When I wish for things like native RSS feeds from our Innovative catalog, I’m sometimes told that III has an XML backend so I should just be able to build what I want on my own. Of course, my first response (of many) is that I’m not a programmer so I can’t just build what I want, but Casey Bisson at Plymouth State University is, and he’s trying to build weird and wonderful things with his own Innovative catalog.
For example, check out his proof-of-concept of LOLA Suggest! Just type something in the search box and wait a second to see what appears underneath. Too freaking awesome! I did a mock-up of what this could look like for my information shifting presentation, but Casey’s given me a live example to show instead. Thanks, Casey!

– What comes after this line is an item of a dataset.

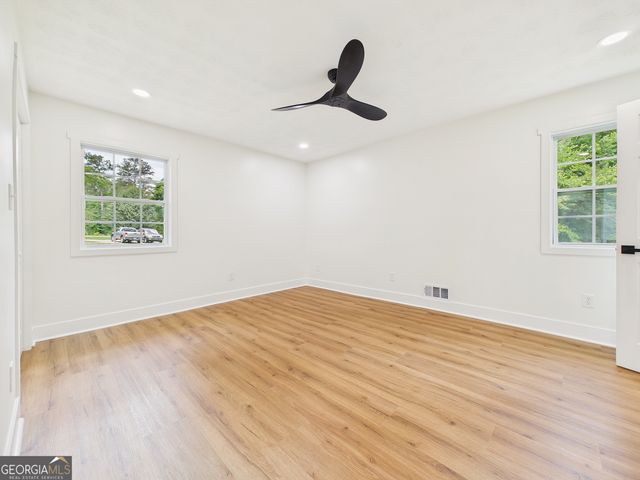 6740 Tell Road, Fairburn, GA 30213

He’s got lots of other great ideas for using Innovative’s XML server, too (including for lots of RSS goodness), but he’s running into problems because he says their XML schema is non-standard, is even more difficult to work with than MARC, and is prone to parsing errors. So here we have an ILS vendor that claims to have an XML backend you can do whatever you want with, except that it’s incredibly difficult to do whatever you want with it, especially if you want to do something nutty like integrate your catalog’s content into your university’s way cool portal using RSS. As Casey noted in an IM:
“Our portal has a ‘my courses’ tab which lists the student’s course schedule, and has links to WebCT, our course management system. I'm working to get a link to the library right there with it. RSS and XML allow us to target library content to what we know of the patron and deliver it wherever they are. As an academic library, we have an opportunity to link with a number of other services. But we also have to compete in the information economy. Most course content systems and portals have only limited ‘hooks’ to include library content, but if we're not quick, libraries will be out of the loop, as faculty post all their reserves online in the course system and link directly to full text sources.”
And all of that work gets harder when you’re trying to do something relatively simple like LOLA Suggest but the XML is so complex that you’re forced to cache the bib records instead of sending the query directly to the catalog’s XML server and presenting live results.
Not being a programmer myself, I’m sure I’m misrepresenting some of this, so I hope Casey will write up his own thoughts about all of this on his blog and correct my inaccuracies. Or even more optimistically, maybe Innovative will fix the problems with their XML server (even if that just means adopting MARC XML) so that Casey can do what they claim he should be able to do, because I want me some of his ideas in my catalog.